Your answer must be the full set of records, copied exactly, with no pictures in it.

★ ★ ★ ★ ★ ★ ★

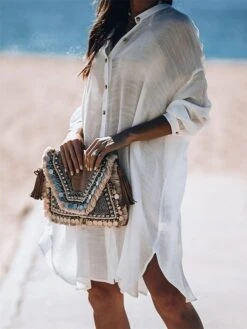 Women's Cover Up Beach Dress Beach Wear Midi Dress Button Basic Casual Plain Stand Collar Long Sleeve Loose Fit Outdoor Daily White 2023 Fall Spring One Size -Casual Print Dress Sales bflqzt1673421340651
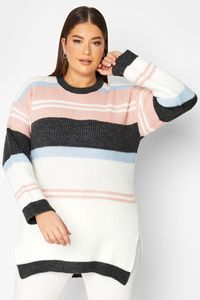 Balts džemperis ar rozā līnijām - lielie izmēri sievietēm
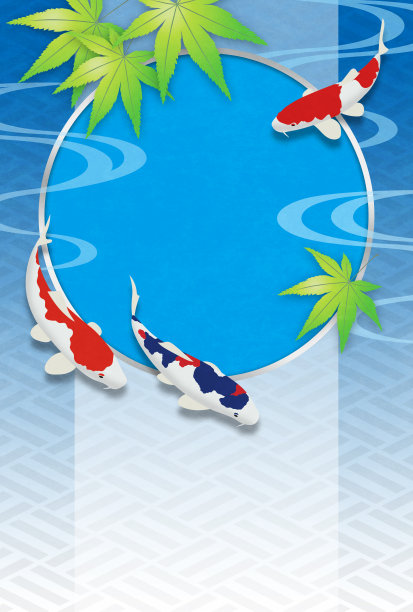 日式夏日问候，鲤鱼，绿枫叶。图片下载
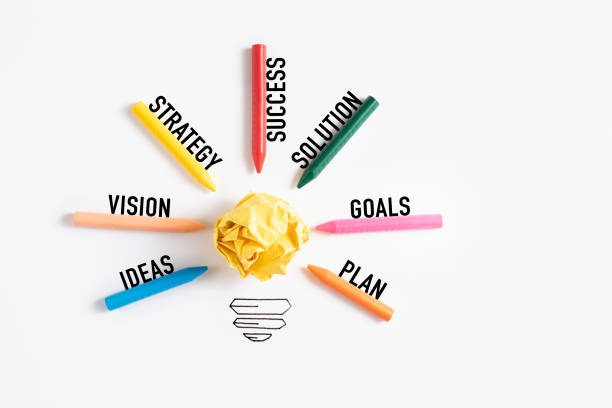 Light bulb created with crumpled paper ball and colorful crayons and business words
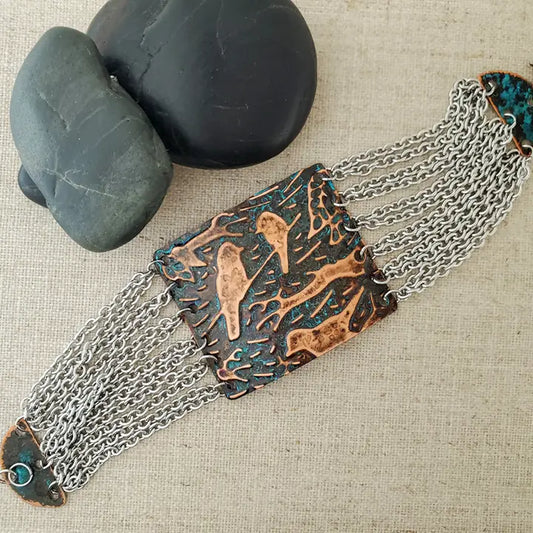 Natural Patina Emboss Large Multi Chain Copper Bird Bracelet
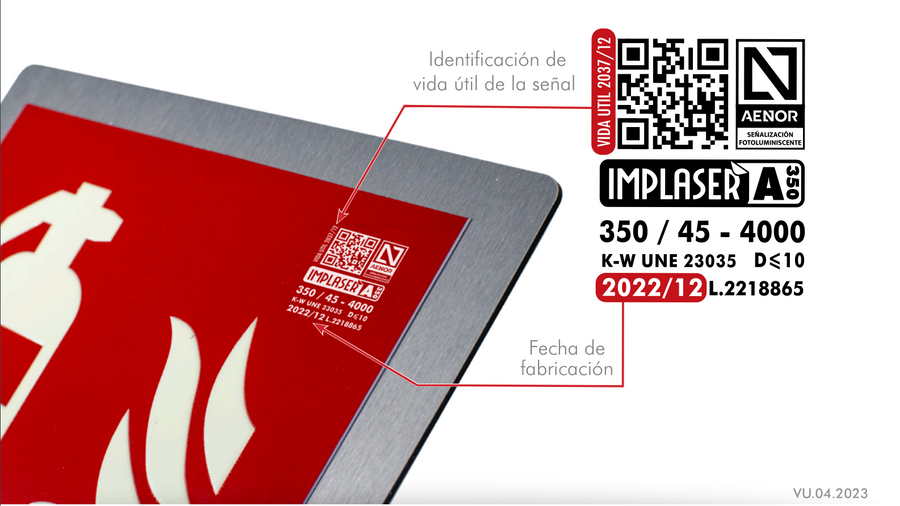 Identificador de vida util de la señal - detalle de QR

★ ★ ★ ★ ★ ★ ★

:: Task solution ::
 Women's Cover Up Beach Dress Beach Wear Midi Dress Button Basic Casual Plain Stand Collar Long Sleeve Loose Fit Outdoor Daily White 2023 Fall Spring One Size -Casual Print Dress Sales bflqzt1673421340651
 Balts džemperis ar rozā līnijām - lielie izmēri sievietēm
 日式夏日问候，鲤鱼，绿枫叶。图片下载
 Light bulb created with crumpled paper ball and colorful crayons and business words
 Natural Patina Emboss Large Multi Chain Copper Bird Bracelet
 Identificador de vida util de la señal - detalle de QR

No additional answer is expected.